= René Viguier =

French botanist

René Viguier (19 May 1880, in Paris – 17 January 1931, in Caen) was a French botanist known for his investigations of plants within the family Araliaceae.

He worked as a préparateur at the Muséum national d'histoire naturelle with Philippe Édouard Léon Van Tieghem, afterwards serving as maître de conférences at the Sorbonne. In 1912 he collected botanical specimens in Madagascar with Jean-Henri Humbert. From 1919 to 1931 he was a professor of botany at the University of Caen as well as director of city's botanical garden.

He was a member of the Société botanique de France (from 1904), the Société linnéenne de Lyon (from 1921) and the Société linnéenne de Normandie (from 1919). In 1927 he founded the Archives de botanique.

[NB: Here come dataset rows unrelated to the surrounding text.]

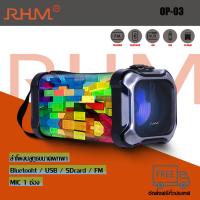 RHM OP-03 ลำโพงพกพา/ลำโพงบลูทูธ/ลำโพงอเนกประสงค์ รุ่น OP-03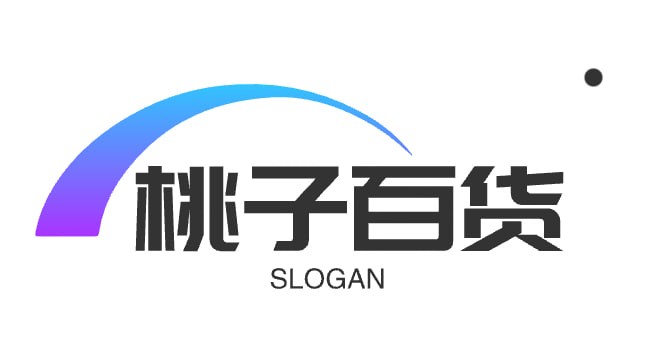 桃子百货
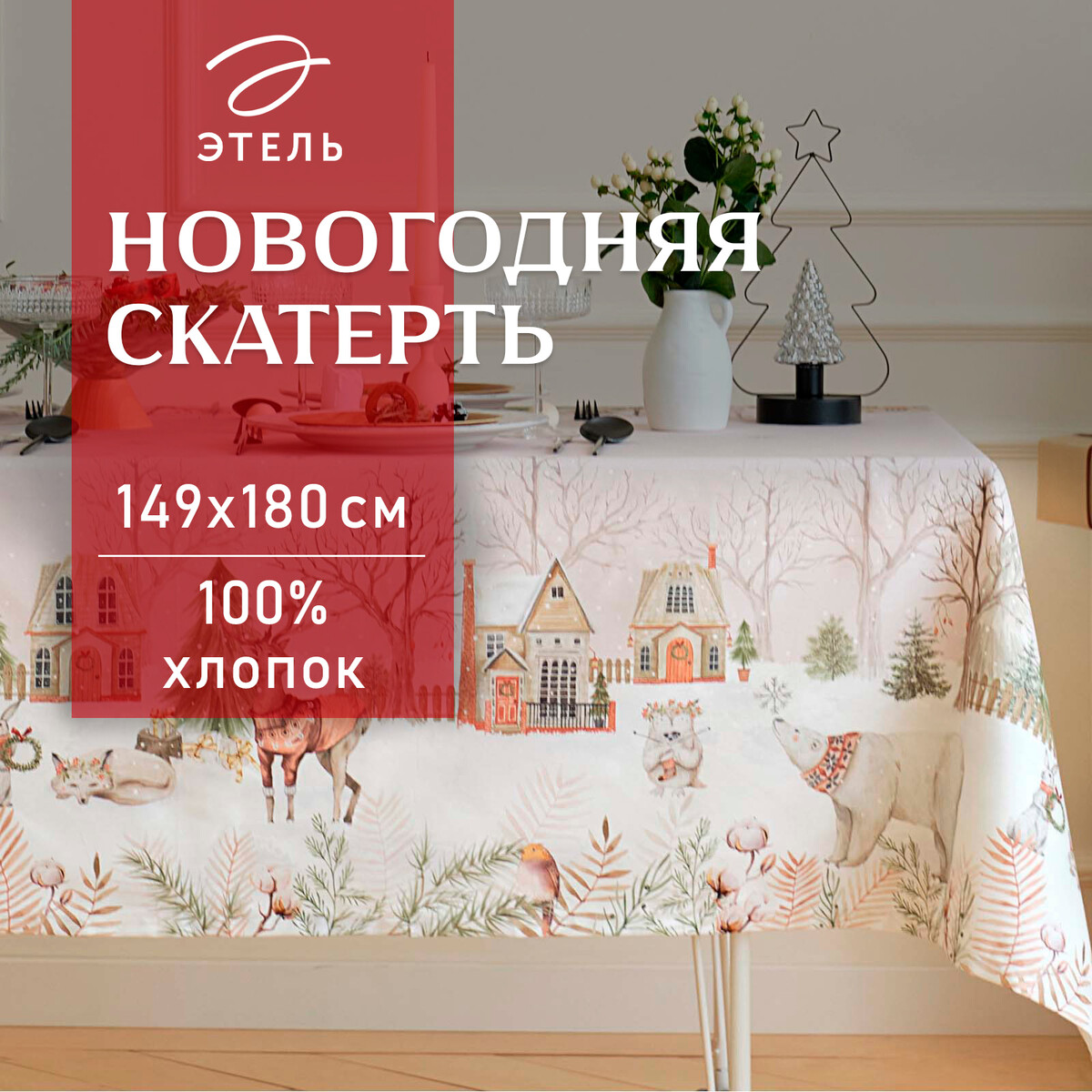 

Скатерть, Белый;бежевый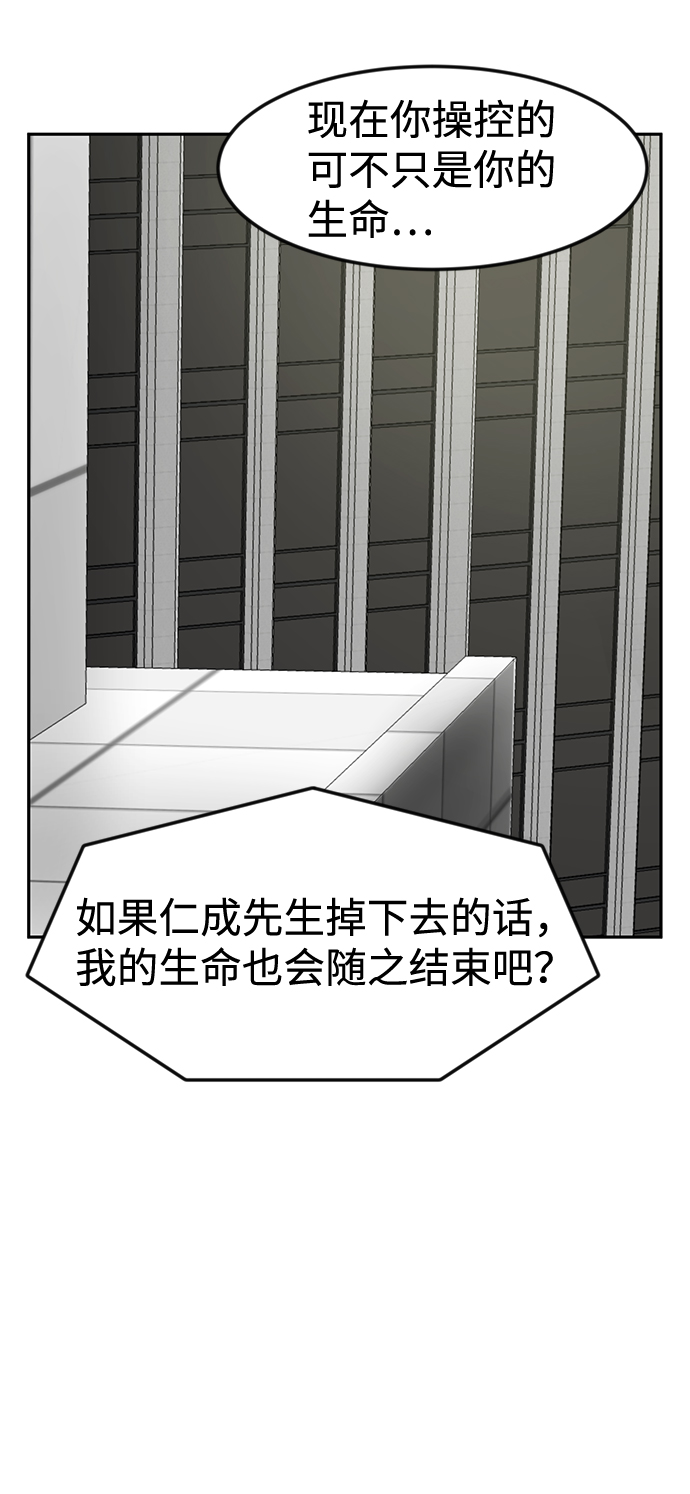 第8话25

The French Academy of Sciences awarded him the Prix de Coincy for 1909. The grass genus Viguierella was named in his honor by Aimée Antoinette Camus (1926). Most plant taxa with the specific epithet of viguieri are also named after him, an example being the grass species Cephalostachyum viguieri.

== Selected works ==
- Recherches anatomiques sur la classification des Araliacées, 1906 – Anatomical research on the classification of Araliaceae.
- Contribution à l'étude de la flore de la Nouvelle-Calédonie : Araliacées, 1913 – Contributions to the study of New Caledonian flora, Araliaceae.
- Guttifères nouvelles de Madagascar, 1914 (with Jean-Henri Humbert) – New Guttiferae of Madagascar.